A key reason OO approaches work well for interactive GUIs and other
process-intensive work is, in fact, that even while they can support
strongly encapsulated architectures (more easily modified and maintained)
OO programs can take shortcuts to achieve functionality, at the price of
locking in their data to a particular data model (and hence, usually, a
particular format). But who wants to be storing their conference papers as
Java objects? Of course, the next step is to abstract and formalize a
portable data model outside the implementation, pulling data back away from
process (at least to whatever extent is possible). By providing a standard
syntax supporting off-the-shelf tools, XML eases this work greatly.
In the business, we've used the analogy, "if Java is a way to build your
toaster, then XML is sliced bread." This tries to identify a key advantage
of a standards-based markup syntax: that, in theory at least (and
increasingly in practice), it should now be possible to use OO languages to
work in the way they want -- with sophisticated data models (not merely
streams of characters) -- and yet not lock our data into the specific
processing environment we happen to be using at the moment.
>Any tool meant to support activities as diverse as those that turn up
>in humanities text-based computing cannot possibly be trivial to
>learn or use. The level of professionalism and commitment required
>for a full use of TuStep is, I think, roughly comparable to that
>required to learn to work with, say, Perl, or (I think) Smalltalk and
>text-oriented Smalltalk objects.
I think that's fair, since any toolset whose native data set is a file
containing a stream of characters, must work on that basis, inferring more
complex data structures where it can (by parsing), but not assuming in the
general case that those particular data structures are there in that form.
For one thing, in Humanities Computing as it stands, it's fair to assume
they're not.
In order to build a more "intuitive" system (say, a GUI-driven system
allowing on-the-fly manipulation of texts), a more sophisticated data model
needs to be assumed that can support more complex operations in a
generalized way. To go about "sorting entries in Swedish lexicon order" or
"sorting entries in Icelandic name order": the system has to know both what
these orders are, and what an "entry" is. XML, by providing for a
particular kind of tree-structure, is beginning to provide at least an
infrastructure within which such knowledge is embedded, so we can now begin
to use standard syntaxes such as XPath (co-designed by a Computing
Humanist, Steve DeRose) for some of this. (XPath can't sort, but it can do
some other fancy stuff such as filter by content, so that
'//line[contains(., "To be")]' will return all <line> elements in a
document that contain the string "To be".) Consequently, we are beginning
to see some of these capabilities emerging as XML tools.

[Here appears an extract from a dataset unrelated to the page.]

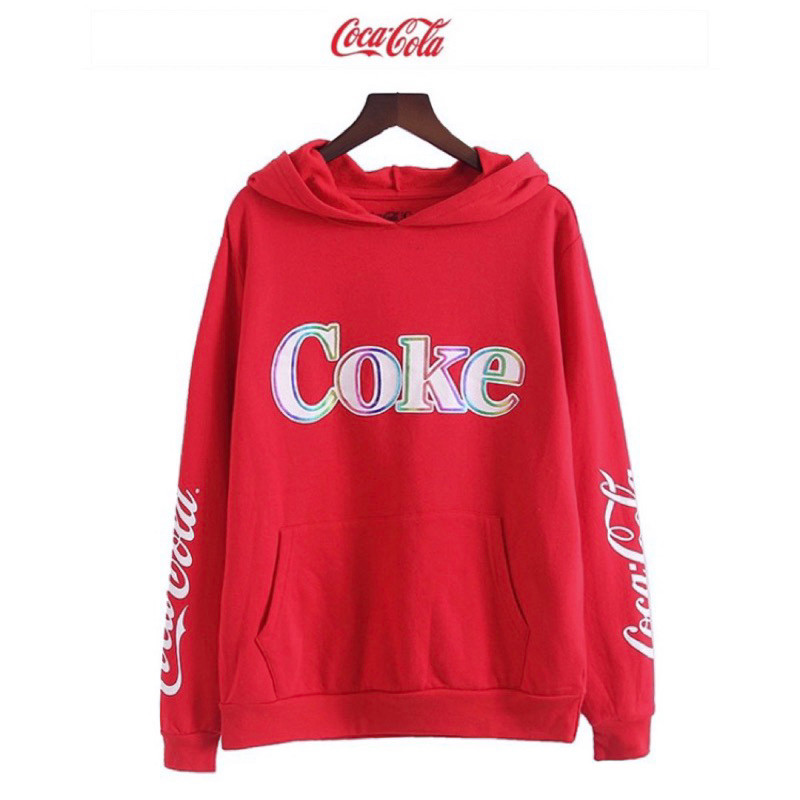 cotton เสื้อวอร์ม ฮู้ดสีแดง 🏳️‍🌈Coke  hooddie coke pride LGBTQ+ 🛑แบรนด์🎗️Coca Cola🎗️แท้💯% (TS249)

For example, Sun Microsystems has an "EAI" product (the TLA stands for
"Enterprise Application Integration") called Forte Fusion (that 'e' has an
accent mark that I don't trust your mailer to render) that allows a user to
set up a data process flow chain in which an XML data set can be passed
through a series of processors, including, prominently, XSLT
transformations that could be doing filtering, sorting, analytical work.
The idea is that when you click on the form to submit your order for the
new American Civil War battle game, your order can be parsed, and the
Authorization, Shipping and Billing departments at NorthernAggression.com
can all get the appropriate pieces of your order (some of which might
already be in the system since you're a regular) in a timely way, following
whatever internal logic is required (e.g. don't send the game out if your
credit card bounces again). The whole thing works with a GUI: little icons
represent your filtering and processing engines, with, as it were, a pipe
carrying the data between them. The different engines can be disparate,
running on different systems and platforms, a Unix server here running a
batch program in Perl, an XSLT transform on a client over there, and so forth.
But to build something like this, you have to have a fairly stable data
model. (In this case, the system is going to do special things with your
name, address, credit card number etc.) At this stage, it is too early to
say when such a data model will be possible or feasible for the kind of
analysis we want to do in Humanities Computing -- especially considering we
commonly work at the level of the "word" (whatever that is), not just
element types, and want access to orthographical variants, morphologies,
synonyms, etc. etc., intelligence about all of which has to be stored
somewhere in some sufficiently tractable (and long-lived) form. Not to
mention the problem of sense-disambiguation (I love Prof. Ott's bit about
the "content provider" becoming a "satisfied donor"). Our work with
higher-level linguistic and literary structures has barely started.
Also, to be an iconoclast about it, I am not sure it is our best course to
move forward pell-mell in this direction, without being extremely critical
of the task itself. Every lens comes with its blindness, and as we design
these capabilities into systems, by deciding what we want to look at, we
will also be deciding what we don't care to see. I am very much in favor of
experimental work to design and deploy whatever higher-level structures we
can discern, trace, render malleable with these powerful tools. But I also
believe that great works of literature will continue to evade whatever
structures we impose on them, just as they always have, it being the
primary work of every poet to reinvent the art of poetry from scratch.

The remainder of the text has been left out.